* _AIM OF THE TASK_: Wherever a picture appears in the data below, omit it, and restate everything else word for word.

——

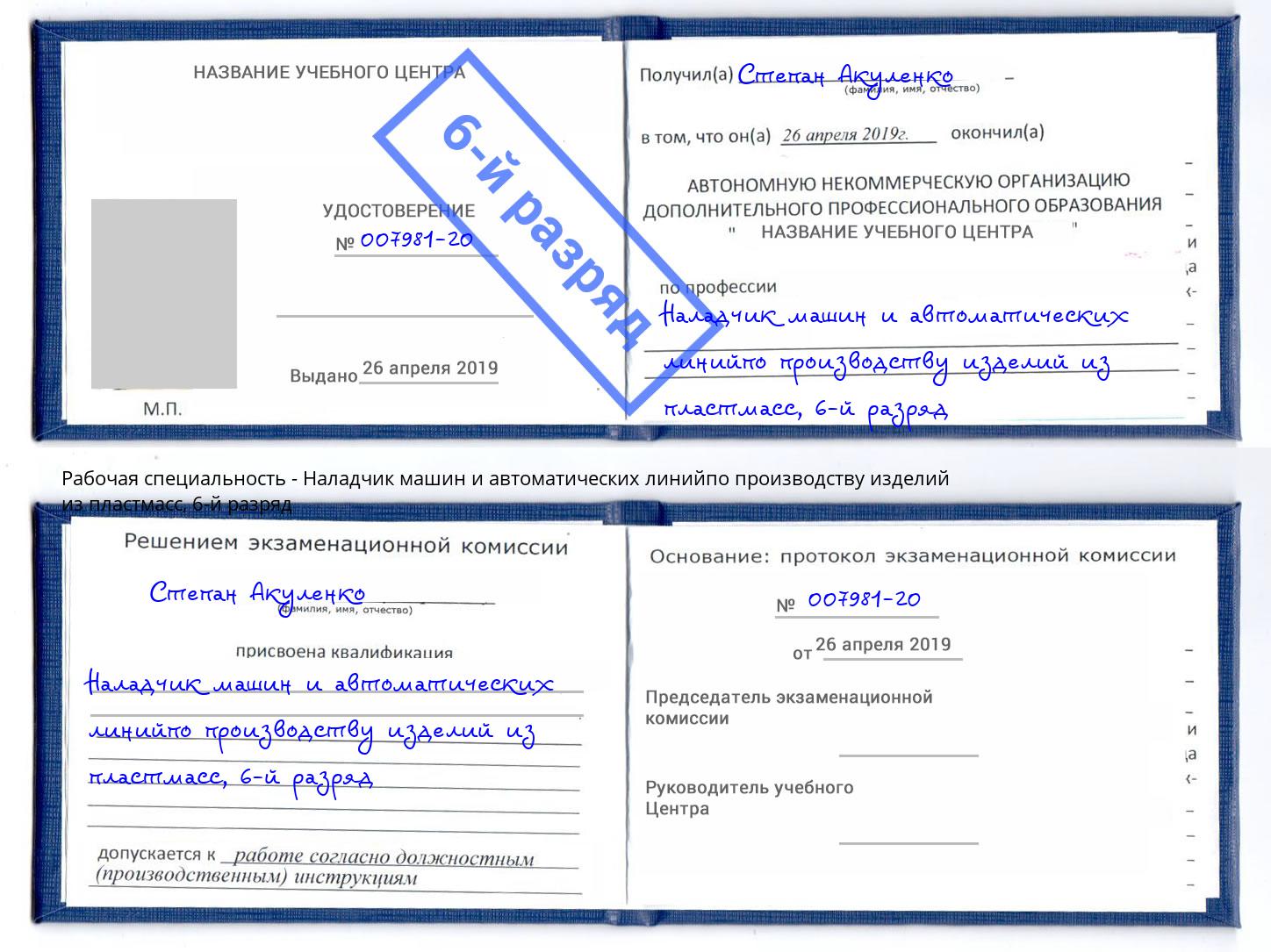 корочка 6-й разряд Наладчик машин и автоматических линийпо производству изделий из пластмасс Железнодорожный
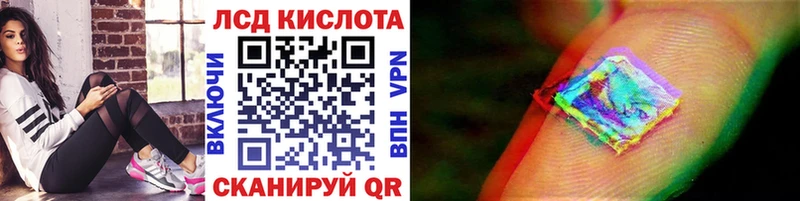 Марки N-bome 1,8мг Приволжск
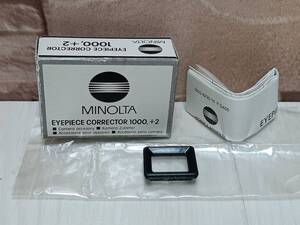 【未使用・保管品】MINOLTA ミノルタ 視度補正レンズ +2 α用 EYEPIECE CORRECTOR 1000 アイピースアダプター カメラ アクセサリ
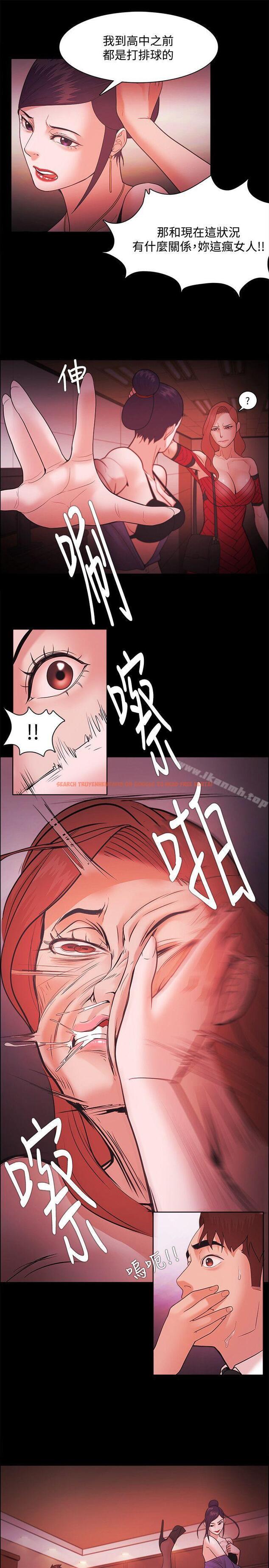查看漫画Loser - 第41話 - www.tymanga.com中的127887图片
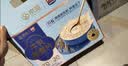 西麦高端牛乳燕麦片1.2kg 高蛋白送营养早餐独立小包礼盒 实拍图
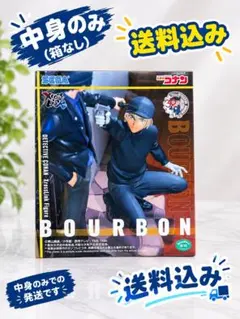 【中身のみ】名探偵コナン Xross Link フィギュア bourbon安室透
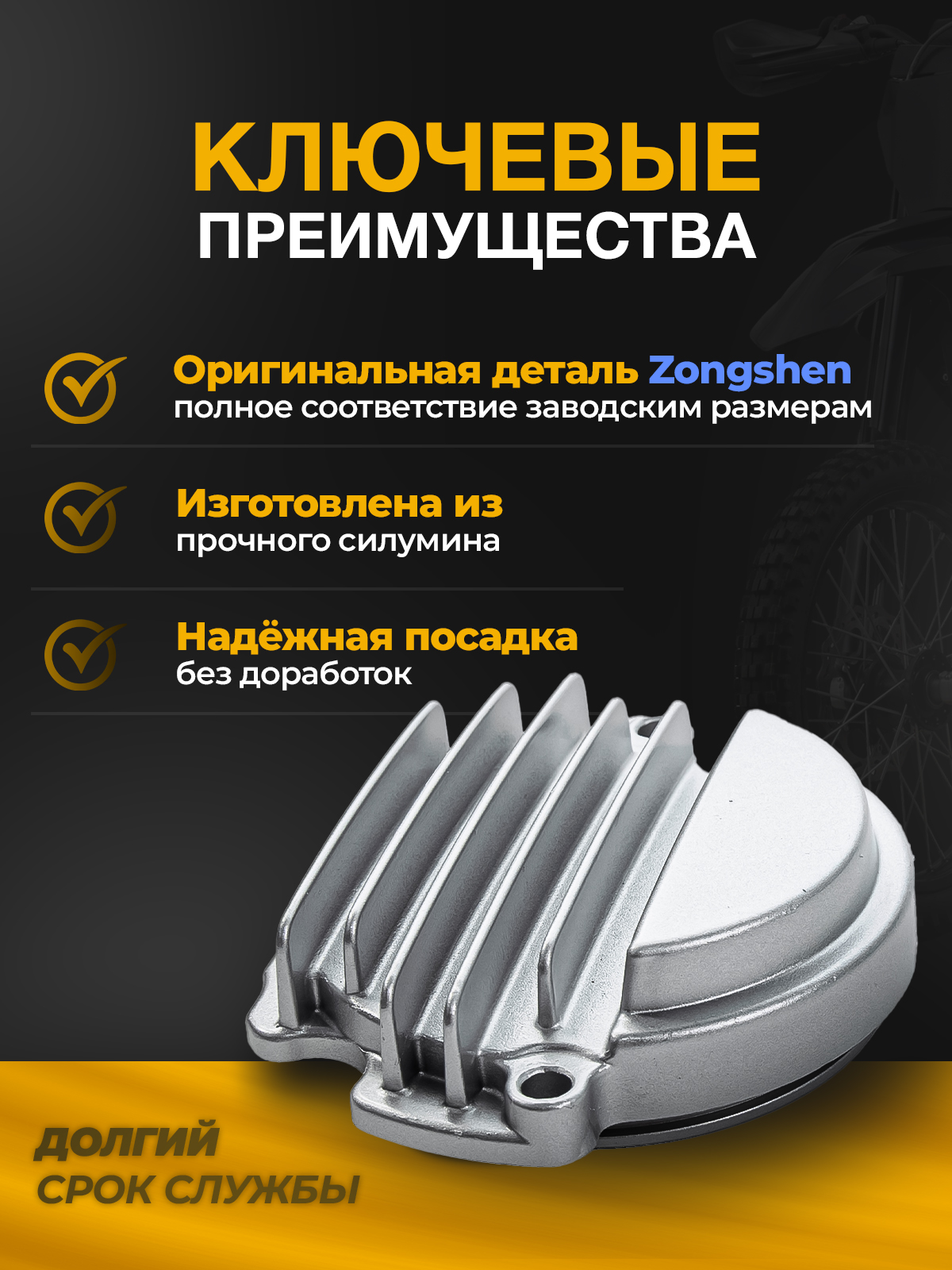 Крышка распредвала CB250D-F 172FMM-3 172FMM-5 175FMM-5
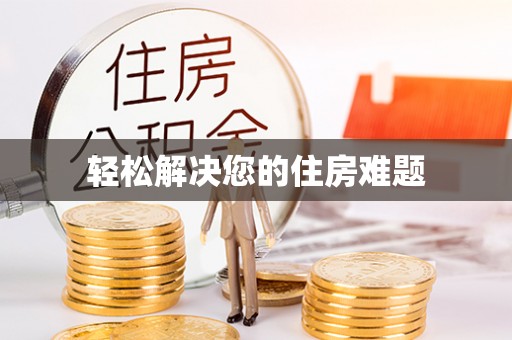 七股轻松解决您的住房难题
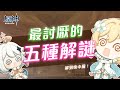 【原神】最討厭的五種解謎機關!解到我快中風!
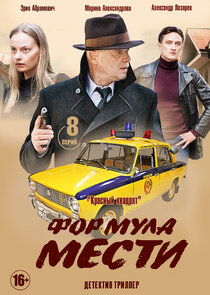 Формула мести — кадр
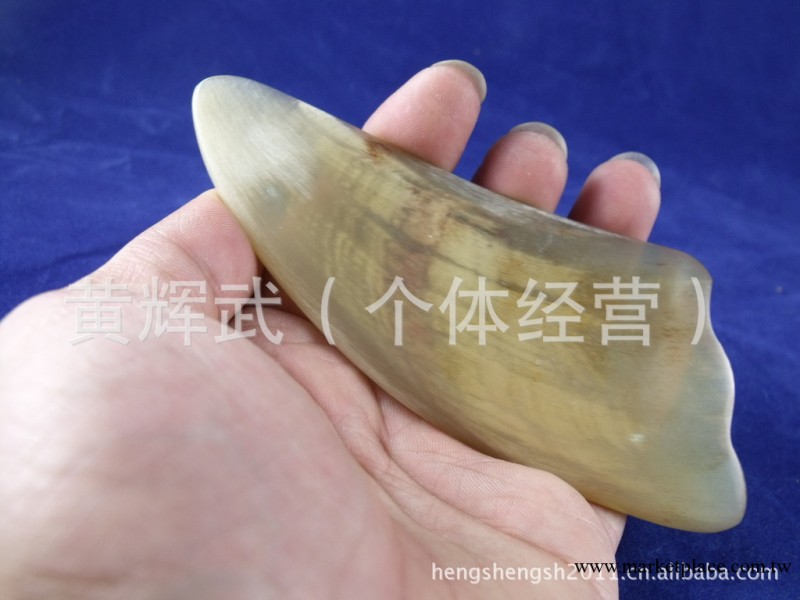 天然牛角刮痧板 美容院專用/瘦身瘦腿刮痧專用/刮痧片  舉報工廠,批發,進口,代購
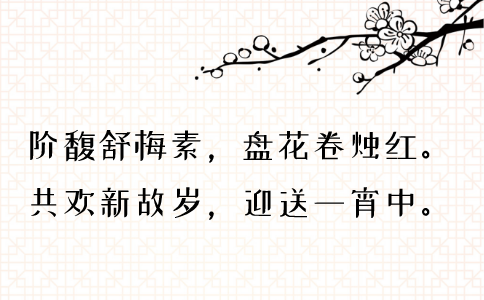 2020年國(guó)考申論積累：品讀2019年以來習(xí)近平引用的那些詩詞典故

——

* _RESPONSE BELOW_:
 корочка 6-й разряд Наладчик машин и автоматических линийпо производству изделий из пластмасс Железнодорожный
 Марки N-bome 1,8мг Приволжск
 【未使用・保管品】MINOLTA ミノルタ 視度補正レンズ +2 α用 EYEPIECE CORRECTOR 1000 アイピースアダプター カメラ アクセサリ
查看漫画Loser - 第41話 - www.tymanga.com中的127887图片
 西麦高端牛乳燕麦片1.2kg 高蛋白送营养早餐独立小包礼盒 实拍图
 【中身のみ】名探偵コナン Xross Link フィギュア bourbon安室透
 Крышка распредвала CB250D-F 172FMM-3 172FMM-5 175FMM-5
 七股轻松解决您的住房难题
 【原神】最討厭的五種解謎機關!解到我快中風!
 Формула мести — кадр
 天然牛角刮痧板 美容院專用/瘦身瘦腿刮痧專用/刮痧片  舉報工廠,批發,進口,代購
 2020年國(guó)考申論積累：品讀2019年以來習(xí)近平引用的那些詩詞典故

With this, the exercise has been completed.